In the following sections, we describe the vocabulary schema (Sect. 3), the VisIOn Web application for visualizing the catalog datasets (Sect. 4), and three applications that rely on the BiOnIC catalog, as well as further application types that would benefit from the BiOnIC catalog (Sect. 6).

2 BiOnIC Datasets Generation

Filtering the BioPortal Logs. We collected all WebUI and API calls from the BioPortal Apache access logs submitted between January 2013–June 2016. To obtain a list of actual user actions, we filtered these logs (e.g., removing robot calls, removing invalid calls) using the filtering methods we developed previously [6]. After the filtering, we obtained 5.4 million WebUI clicks and 67.2 million API queries. For every single request we extracted a valid BioPortal ontology identifier and a class IRI.

Filtering the Ontologies. We identified a set of 255 BioPortal ontologies from these logs whose classes were reused in other ontologies. To extract statistics about classes in each of these ontologies (e.g., reuse and sibling count), we pre-processed the ontologies using the methods described in Kamdar et al. [4].

Computing Class Counts. For each class in each ontology, we aggregated the total and the unique number of users that clicked or queried the class using the WebUI or the API, respectively. We also computed the number of ontologies that reuse each class, and other structural characteristics, such as, the number of sibling classes, direct super-classes, direct sub-classes, and maximum depth of the class in the class hierarchy.

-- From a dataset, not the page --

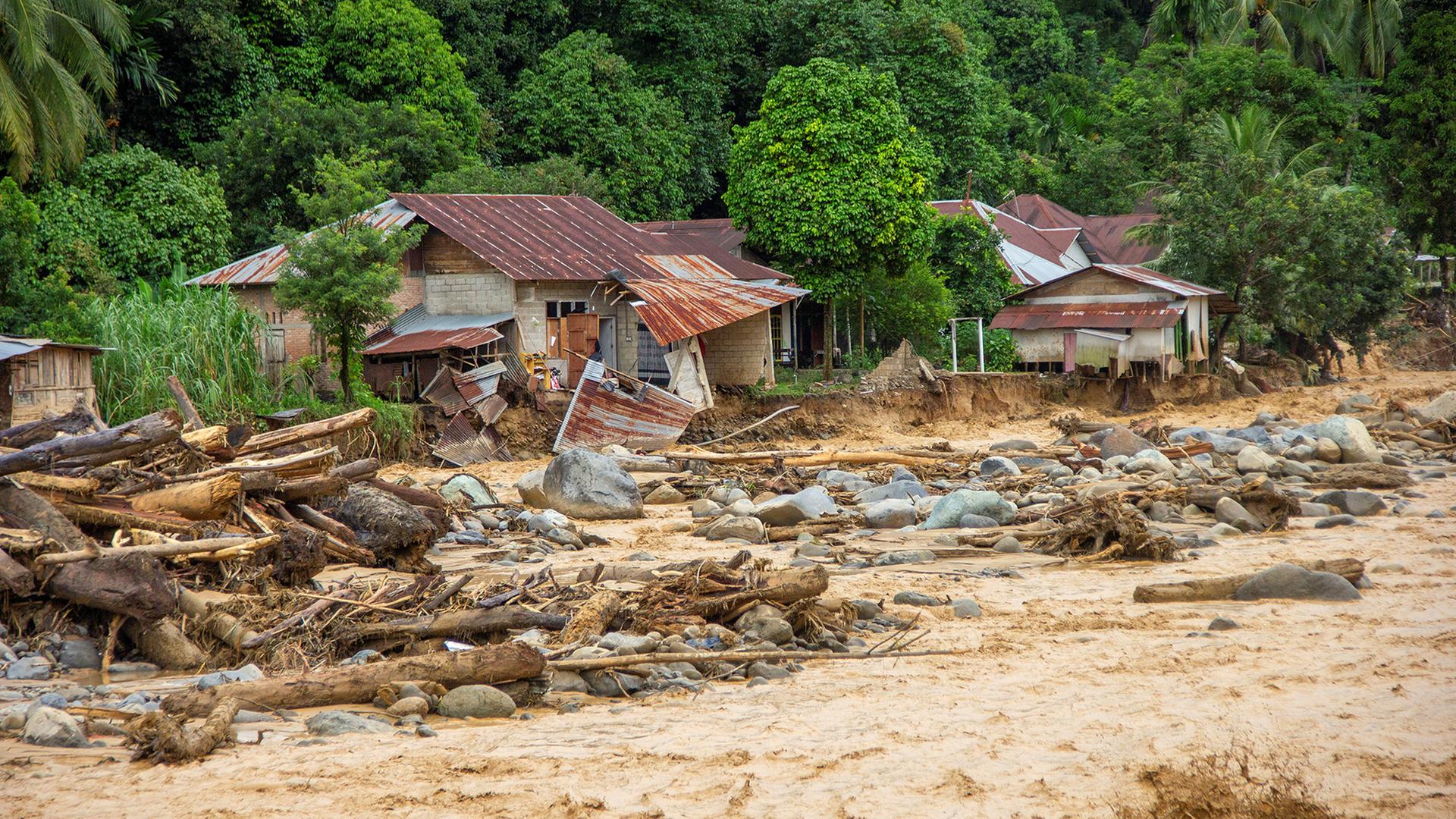 Zyklon in Südostasien: Allein 174 Tote auf Sumatra gemeldet Zyklon in Südostasien: Allein 174 Tote auf Sumatra gemeldet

Computing the Sequence of User Actions. For each ontology, we generated ordered sequences of classes accessed by each user, as well as their associated relative timestamps. While it is possible that a group of users may have used the same IP address to access a set of classes in an ontology, or one user may explore or query classes present in two or more BioPortal ontologies simultaneously, publishing a unique sequence dataset for each ontology facilitates a simple organizational structure for these sequences.

Anonymizing the User Data. We converted all logged IP addresses to unique user identifiers, consisting of a randomized string and an integer, encoded with the SHA-224 hashing algorithm [3]. We also converted all absolute timestamps to a value relative to the start timestamp, when the user visited BioPortal for the first time ever.

3 BiOnIC Schema

To define the BiOnIC RDF dataset schema (shown in Fig. 1), we used SKOS, the Data Catalog vocabulary (DCAT), and the Provenance Ontology (PROV-O). BiOnIC contains two types of datasets: (1) Class Statistics Datasets, and (2) User Interaction Sequences Datasets. Each dataset contains data for a specific BioPortal ontology.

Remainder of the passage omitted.